__Work to complete__
Retype exactly what appears below from the line containing "Let's begin by" down to the line containing "On the minimum", keeping both end lines. Do not include pictures.

__Given entries__
________________________
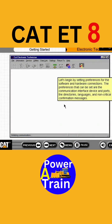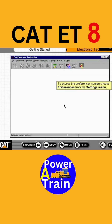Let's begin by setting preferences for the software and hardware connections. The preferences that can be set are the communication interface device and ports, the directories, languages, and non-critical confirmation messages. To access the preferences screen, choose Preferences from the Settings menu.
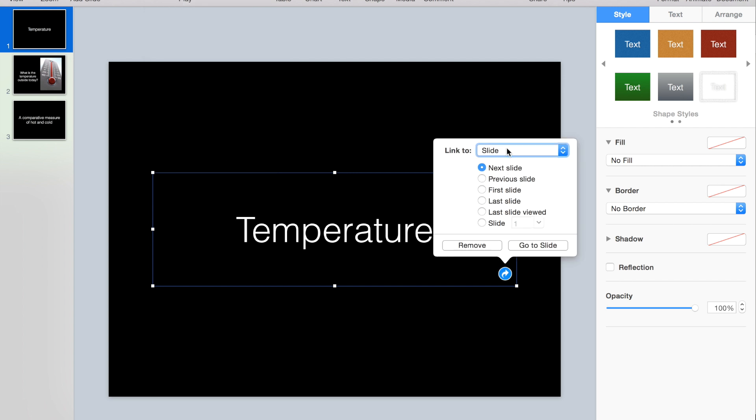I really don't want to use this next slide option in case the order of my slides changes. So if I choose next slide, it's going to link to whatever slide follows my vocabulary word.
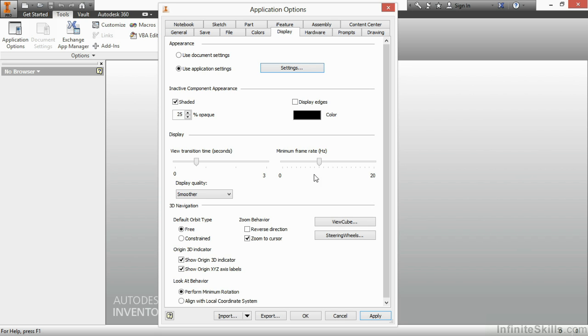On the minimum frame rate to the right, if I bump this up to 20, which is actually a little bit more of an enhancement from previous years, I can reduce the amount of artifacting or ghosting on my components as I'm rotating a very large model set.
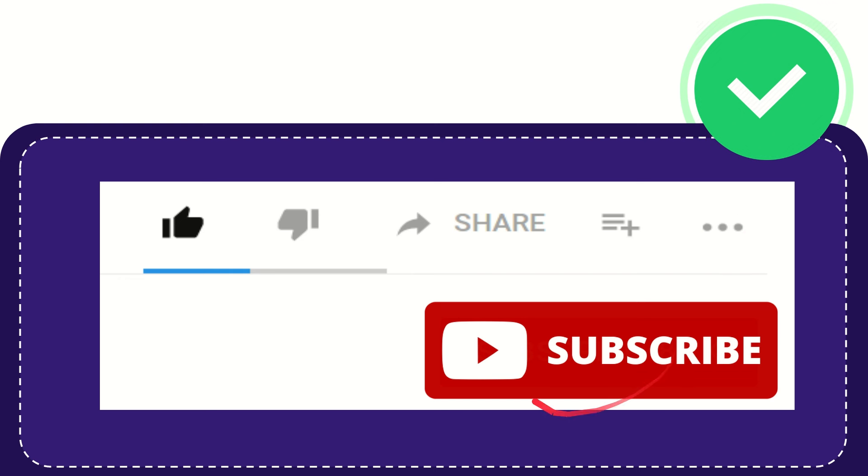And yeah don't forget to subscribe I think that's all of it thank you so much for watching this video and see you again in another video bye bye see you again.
________________________
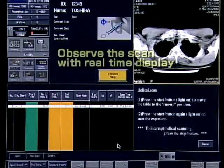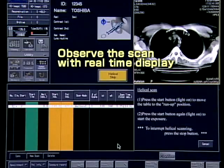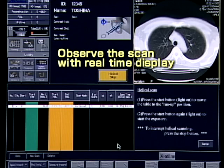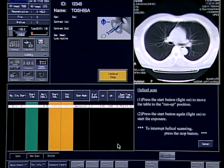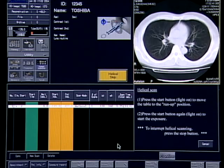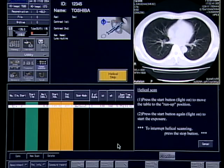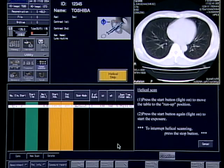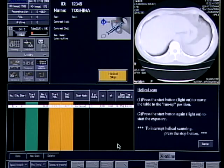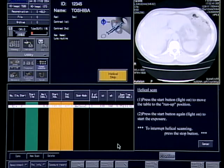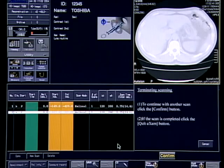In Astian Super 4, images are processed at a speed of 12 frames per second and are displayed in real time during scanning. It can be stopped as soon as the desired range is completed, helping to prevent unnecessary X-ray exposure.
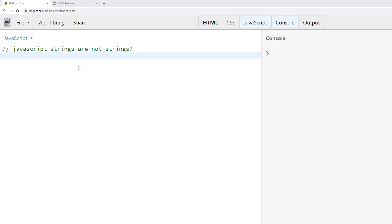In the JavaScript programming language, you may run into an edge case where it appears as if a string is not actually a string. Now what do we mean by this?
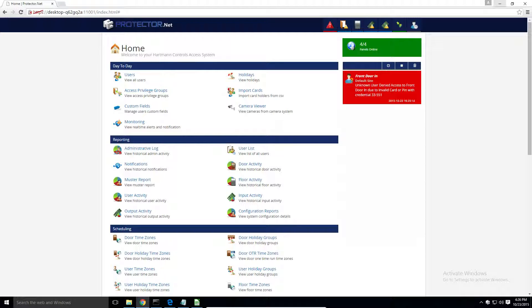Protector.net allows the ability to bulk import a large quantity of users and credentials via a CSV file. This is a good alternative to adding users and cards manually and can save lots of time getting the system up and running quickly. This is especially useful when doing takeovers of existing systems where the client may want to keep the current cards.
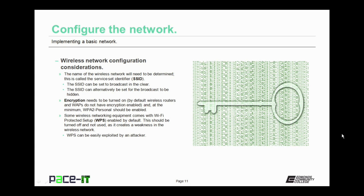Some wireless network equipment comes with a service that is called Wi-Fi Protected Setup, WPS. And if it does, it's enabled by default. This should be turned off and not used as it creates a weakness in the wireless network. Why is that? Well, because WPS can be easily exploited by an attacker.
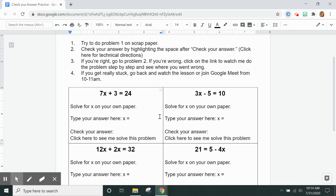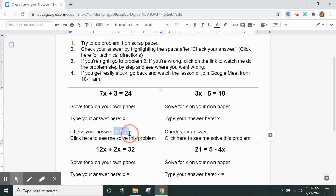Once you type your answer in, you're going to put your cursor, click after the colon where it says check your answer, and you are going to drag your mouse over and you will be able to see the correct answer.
________________________
__Result__
Let's begin by setting preferences for the software and hardware connections. The preferences that can be set are the communication interface device and ports, the directories, languages, and non-critical confirmation messages. To access the preferences screen, choose Preferences from the Settings menu.
I really don't want to use this next slide option in case the order of my slides changes. So if I choose next slide, it's going to link to whatever slide follows my vocabulary word.
On the minimum frame rate to the right, if I bump this up to 20, which is actually a little bit more of an enhancement from previous years, I can reduce the amount of artifacting or ghosting on my components as I'm rotating a very large model set.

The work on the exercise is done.